**PROBLEM TO WORK ON**
Please transcribe the data below in full. Omit any picture you find in it.

**INPUT DATA**
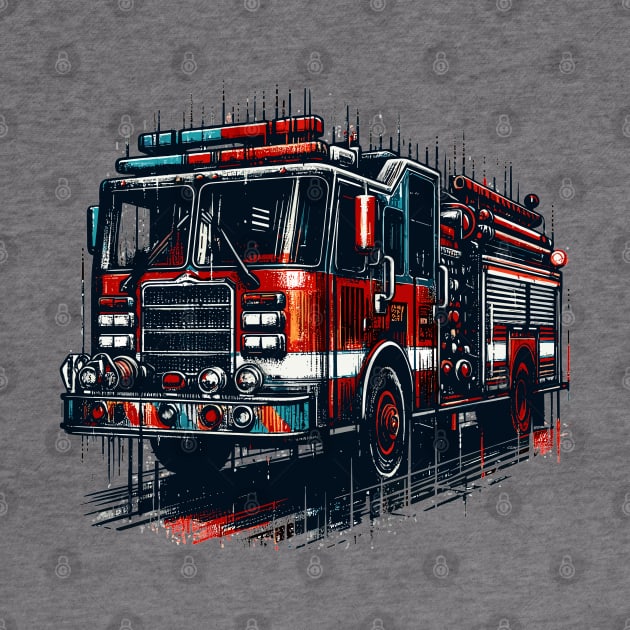 Fire Truck by Vehicles-Art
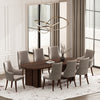 Connie Modern 8-Piece Dining Chair Set in Taupe | Ensemble de 8 chaises de salle a manger Connie Modern en taupe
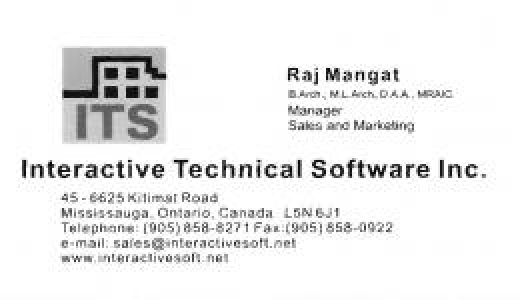 INTERACTIVE TECHNICAL SOFTWARE INC. - Booth 17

**RESULT**
 Fire Truck by Vehicles-Art
 Connie Modern 8-Piece Dining Chair Set in Taupe | Ensemble de 8 chaises de salle a manger Connie Modern en taupe
 INTERACTIVE TECHNICAL SOFTWARE INC. - Booth 17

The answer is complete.